■ **Exercise description**:
Exact copy, pictures omitted: the line holding "Vintage grey deer" and every line after it down to the end of the entries.

■ **Task inputs**:
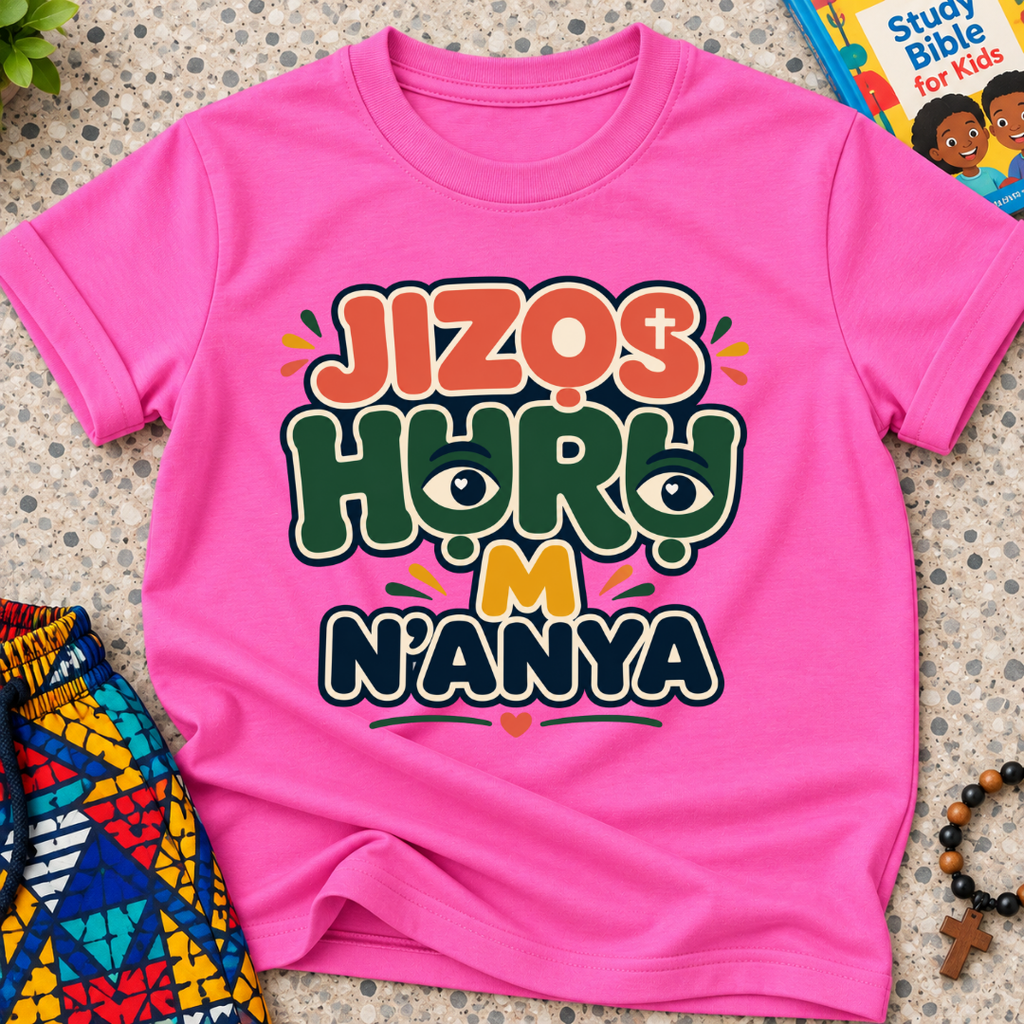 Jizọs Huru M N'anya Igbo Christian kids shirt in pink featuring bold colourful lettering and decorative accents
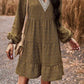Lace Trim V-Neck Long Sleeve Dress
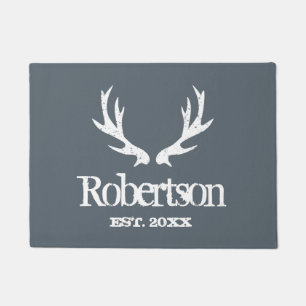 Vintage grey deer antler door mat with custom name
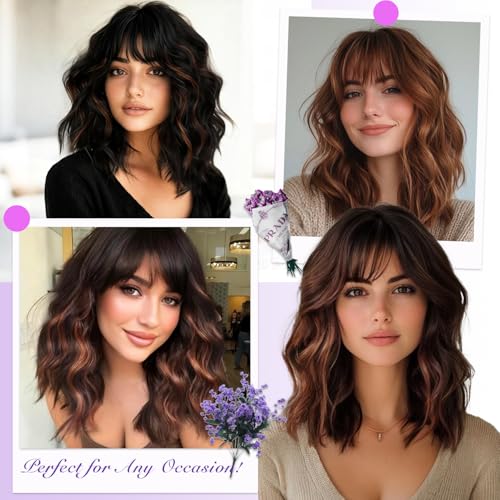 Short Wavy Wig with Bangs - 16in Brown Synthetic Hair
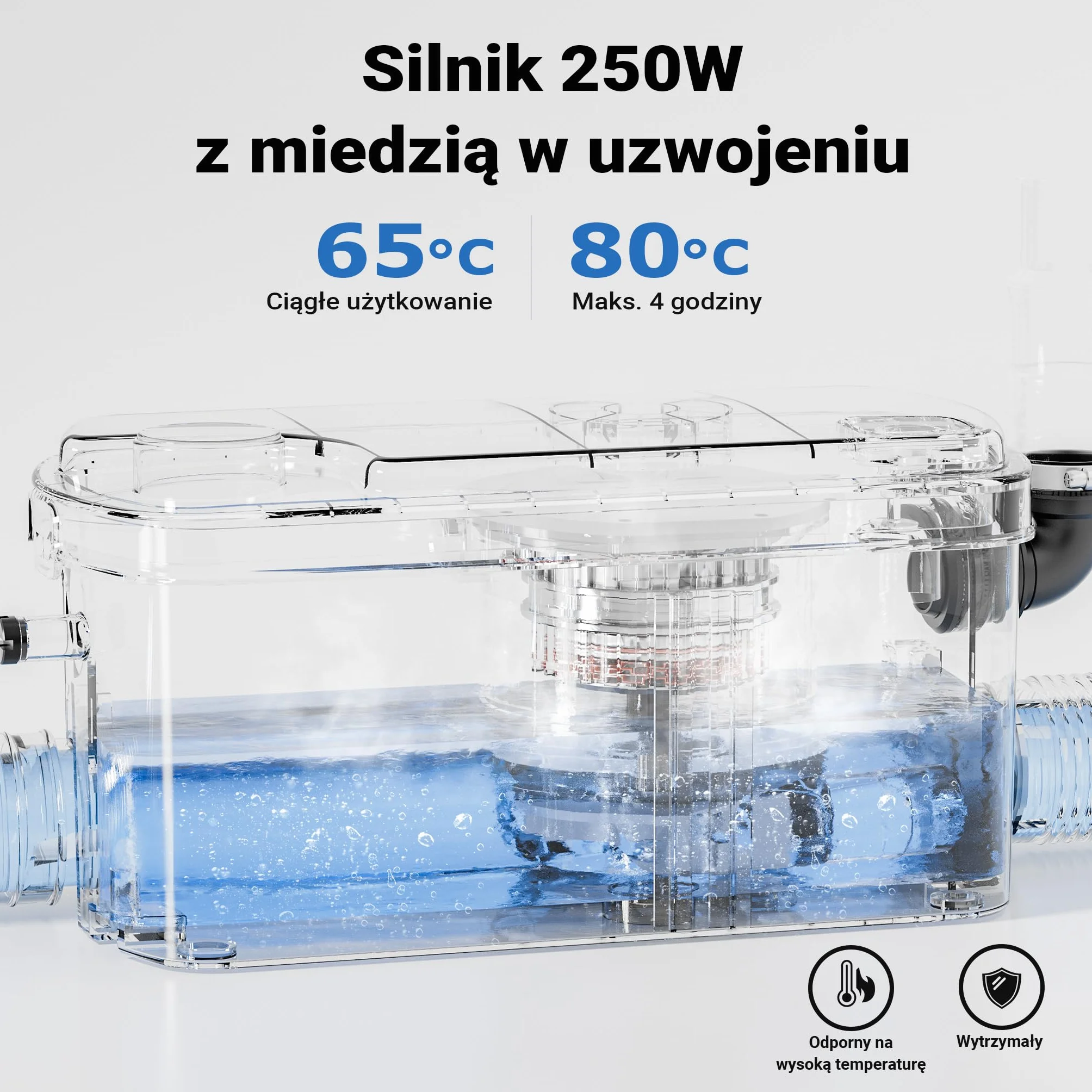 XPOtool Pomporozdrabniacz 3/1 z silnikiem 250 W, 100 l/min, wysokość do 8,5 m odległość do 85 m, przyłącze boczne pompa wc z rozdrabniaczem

■ **Your response**:
 Vintage grey deer antler door mat with custom name
 Short Wavy Wig with Bangs - 16in Brown Synthetic Hair
 XPOtool Pomporozdrabniacz 3/1 z silnikiem 250 W, 100 l/min, wysokość do 8,5 m odległość do 85 m, przyłącze boczne pompa wc z rozdrabniaczem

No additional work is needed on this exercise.